Gender: Exposure to Apixaban was approximately 18% higher in females than in males. No dose adjustment is required.
Ethnic Origin and Race: The results across phase 1 studies showed no discernible difference in Apixaban pharmacokinetics between White/Caucasian, Asian and Black/African American subjects. Findings from a population pharmacokinetic analysis in patients who received Apixaban following elective hip or knee replacement surgery were generally consistent with the phase 1 results. No dose adjustment is required.
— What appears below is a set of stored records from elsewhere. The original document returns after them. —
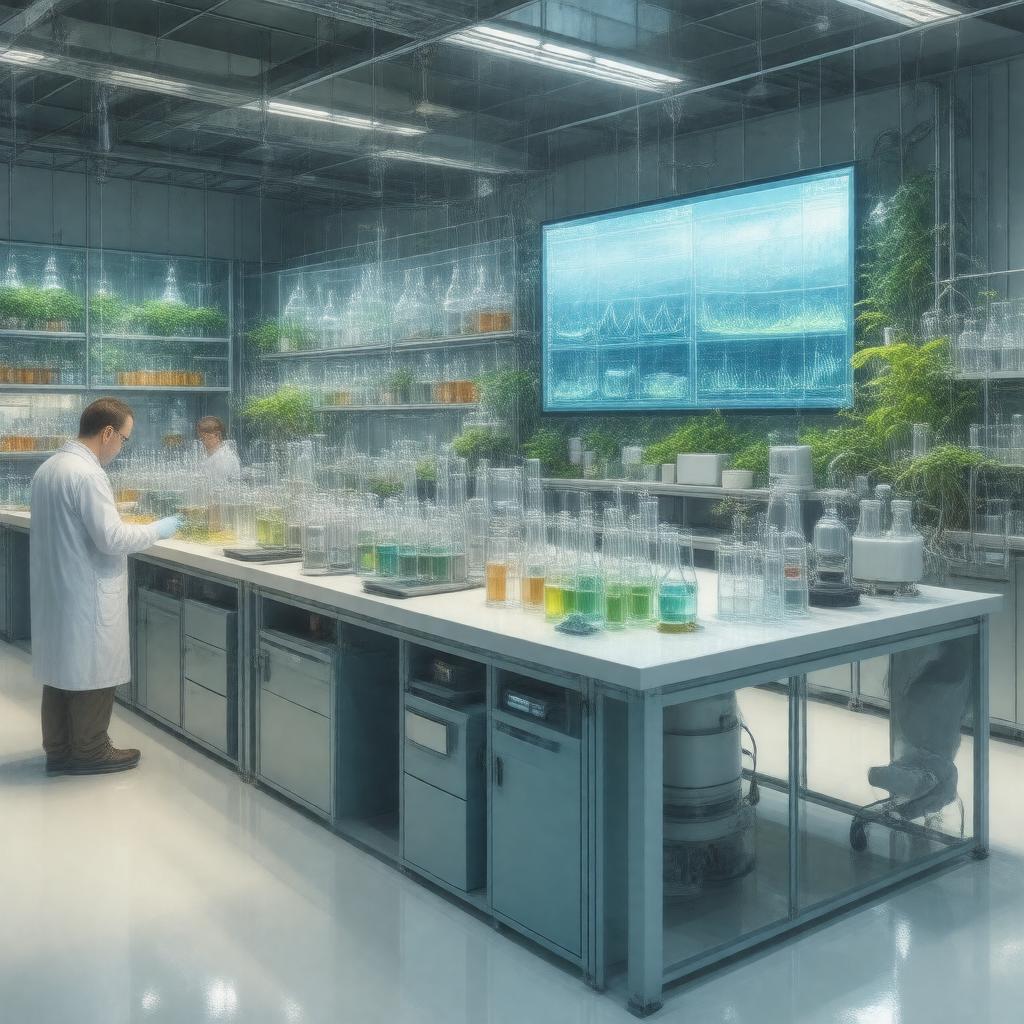 AI-created image of Environmental Chemistry Lab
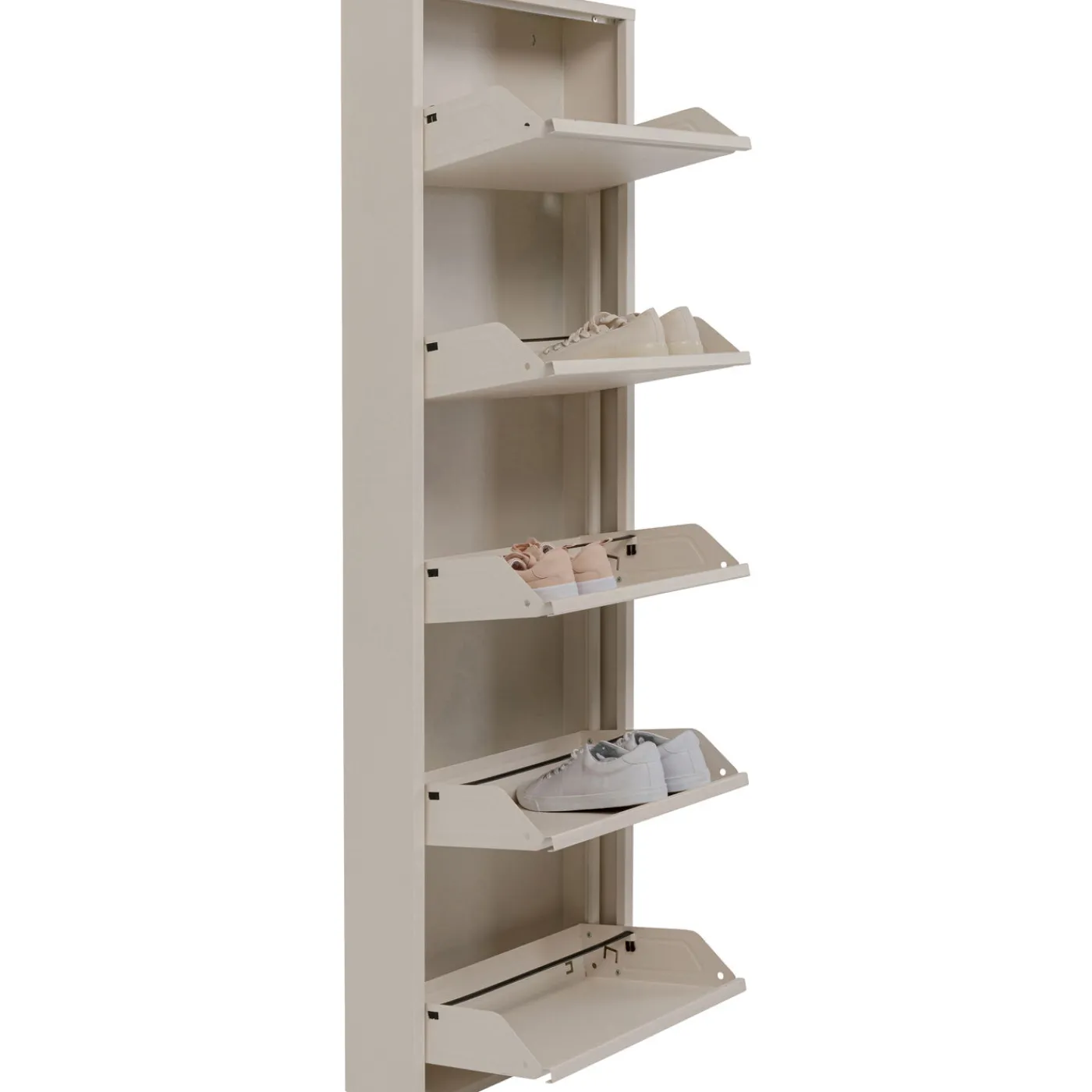 KARE Design Meuble À Chaussures Caruso 5 Creme (Mo)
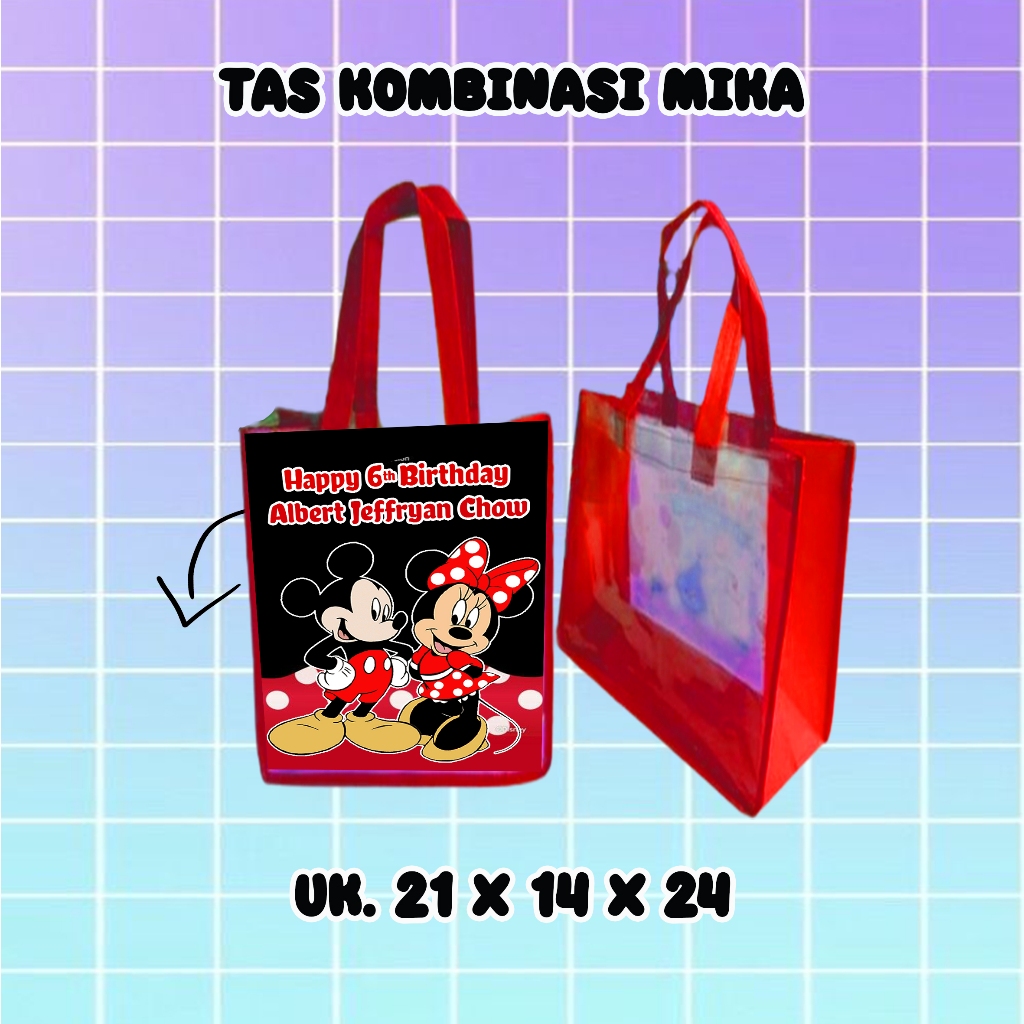 

TAS CUSTOM MIKA UK 21 X 14 X 24 (PXLXT)- TEBAL
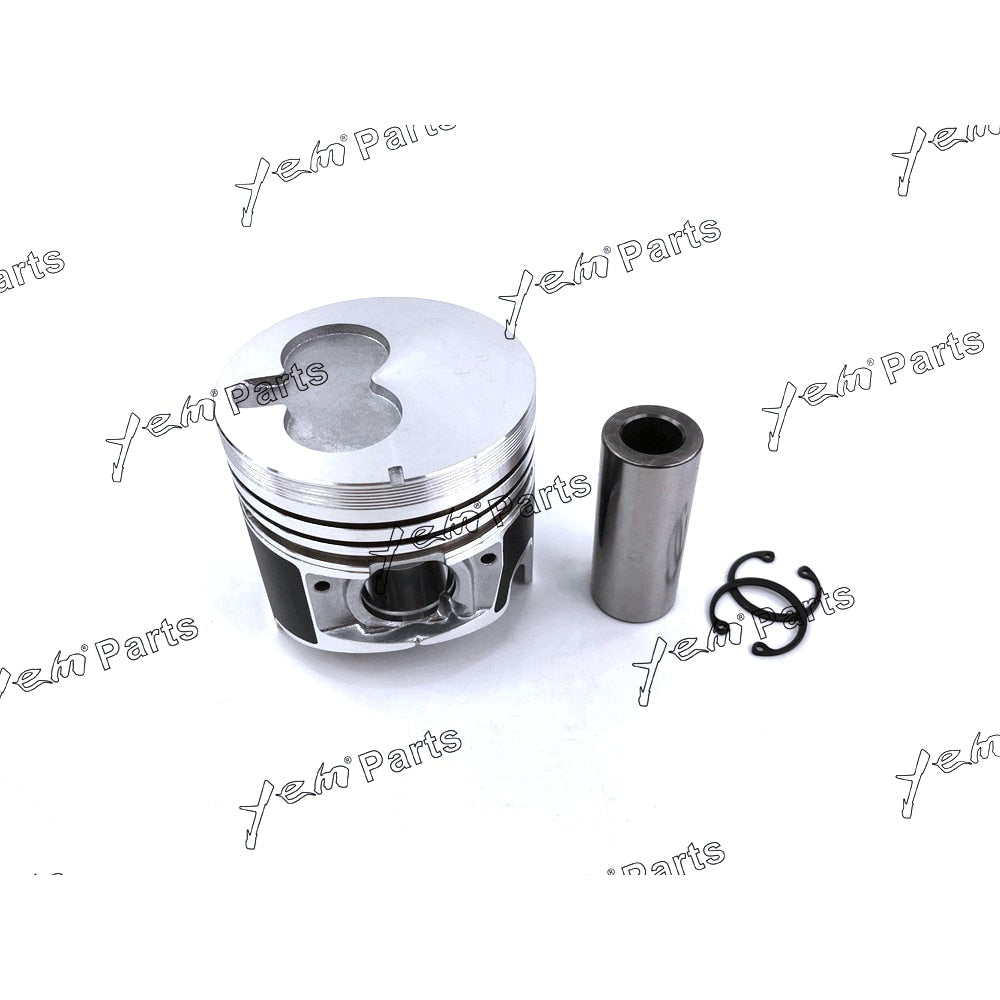 YEM Engine Parts Piston + Ring Kit Set STD For ISUZU 3LD1 x3 PCS Engine Parts For Isuzu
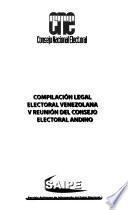 Compilación legal electoral venezolana
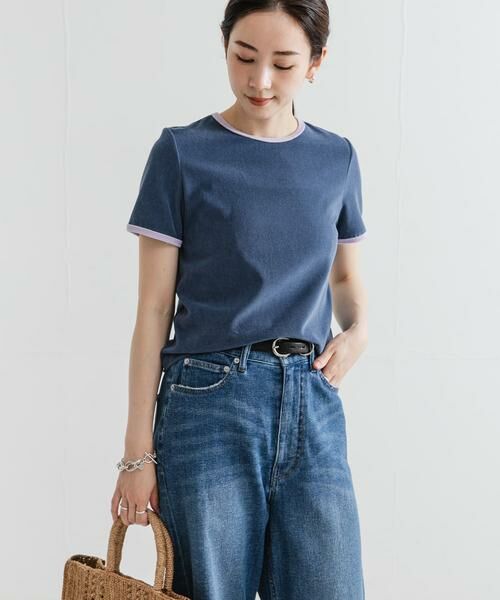 URBAN RESEARCH / アーバンリサーチ Tシャツ | パイルリンガーコンパクトTシャツ | 詳細23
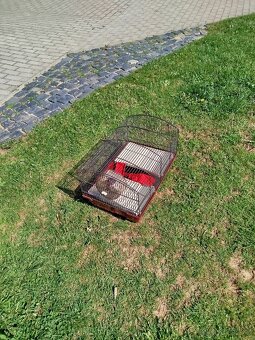 Prodám klec na křečka nebo jiného hlodavce - 2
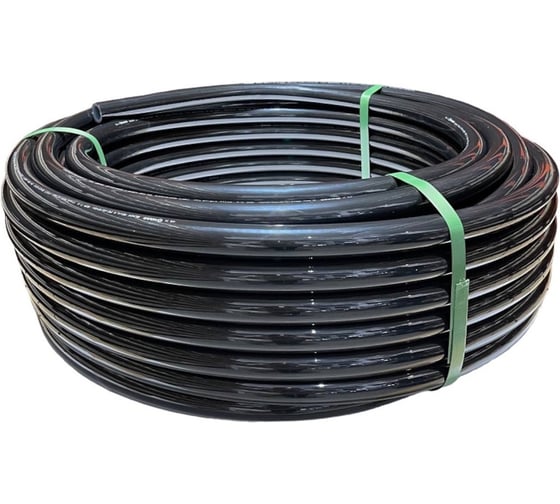 Труба из сшитого полиэтилена WAAG Black DN32 x 4,4 PN10 (бухта 50 м), PE-Xa / EVOH, черная WG.1135616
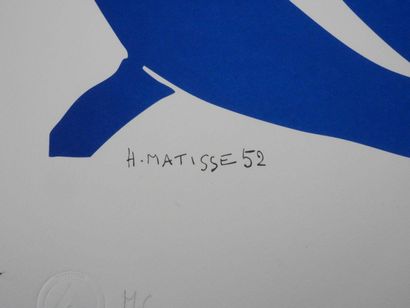 Henri Matisse (1869–1954) (after)
Blue Nude...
Body Weight: Compared to Apixaban exposure in subjects with body weight of 65 to 85 kg, body weight >120 kg was associated with approximately 30% lower exposure and body weight <50 kg was associated with approximately 30% higher exposure. No dose adjustment is required, except as described in Recommended Dosage: Prevention of stroke and systemic embolism in patients with AF: NVAF under Dosage & Administration.
Pharmacokinetic/Pharmacodynamic Relationship: The pharmacokinetic/pharmacodynamic (PK/PD) relationship between Apixaban plasma concentration and several PD endpoints (anti-FXa activity, INR, PT, aPTT) has been evaluated after administration of a wide range of doses (0.5-50 mg). The relationship between Apixaban plasma concentration and anti-FXa activity was best described by a linear model. The PK/PD relationship observed in patients who received Apixaban in Phase 2 or Phase 3 clinical trials was consistent with that established in healthy subjects.